» TASK INSTRUCTIONS: Would you please copy the part of the material below that opens with the line containing "Timanfaya 2-2 DELUXE" and closes with the line containing "Dellview commercial playground"? Copy it exactly, and only it.

» INPUT DATA:
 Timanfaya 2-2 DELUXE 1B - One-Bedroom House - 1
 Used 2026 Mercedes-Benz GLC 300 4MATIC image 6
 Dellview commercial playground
...
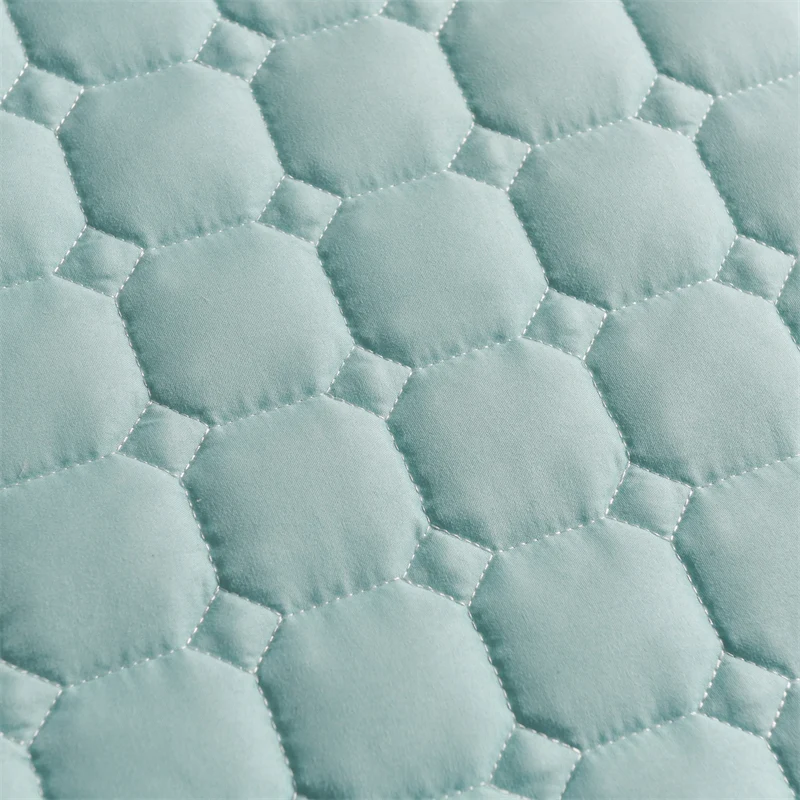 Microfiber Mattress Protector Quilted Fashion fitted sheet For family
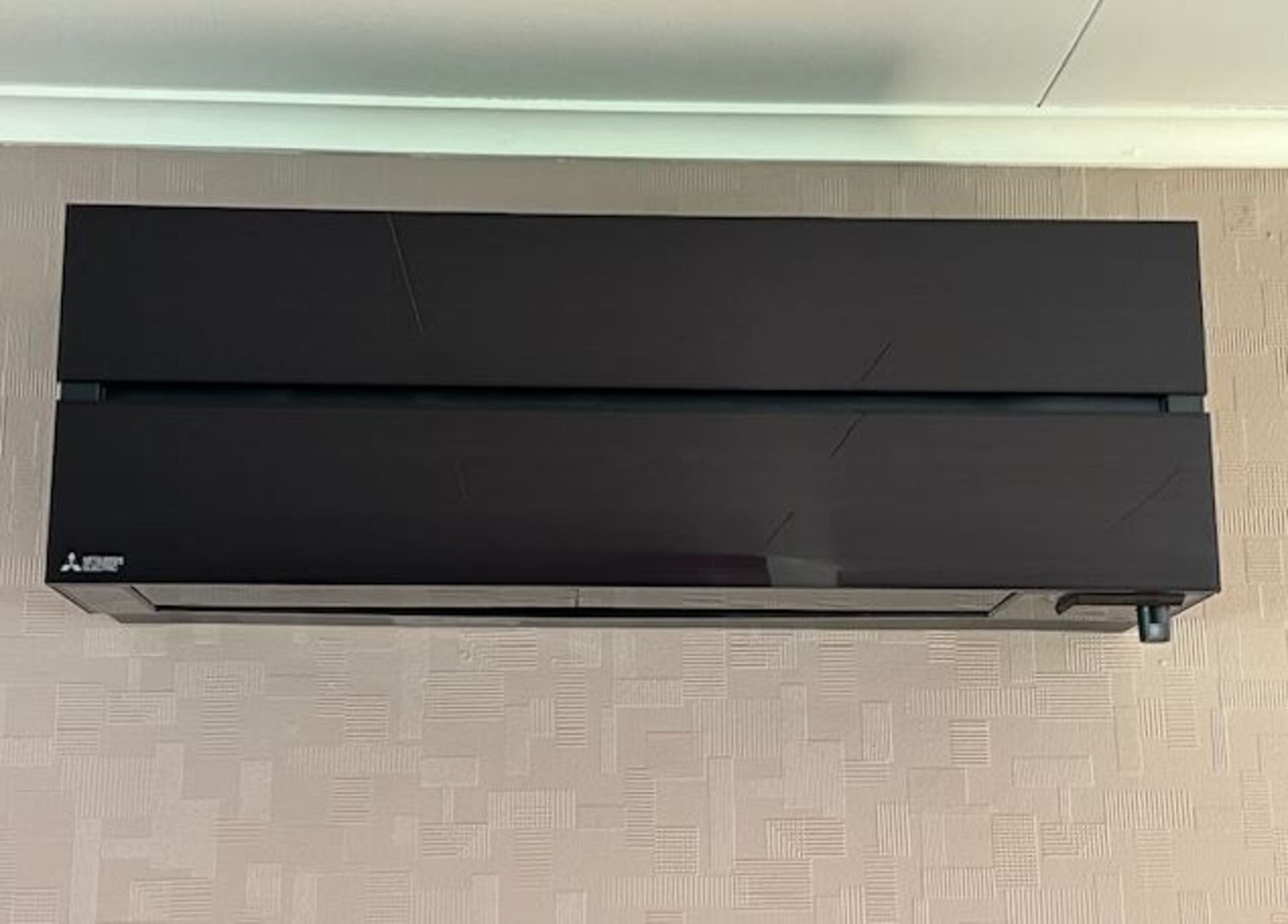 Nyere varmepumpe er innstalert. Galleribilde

» SOLUTION:
 Timanfaya 2-2 DELUXE 1B - One-Bedroom House - 1
 Used 2026 Mercedes-Benz GLC 300 4MATIC image 6
 Dellview commercial playground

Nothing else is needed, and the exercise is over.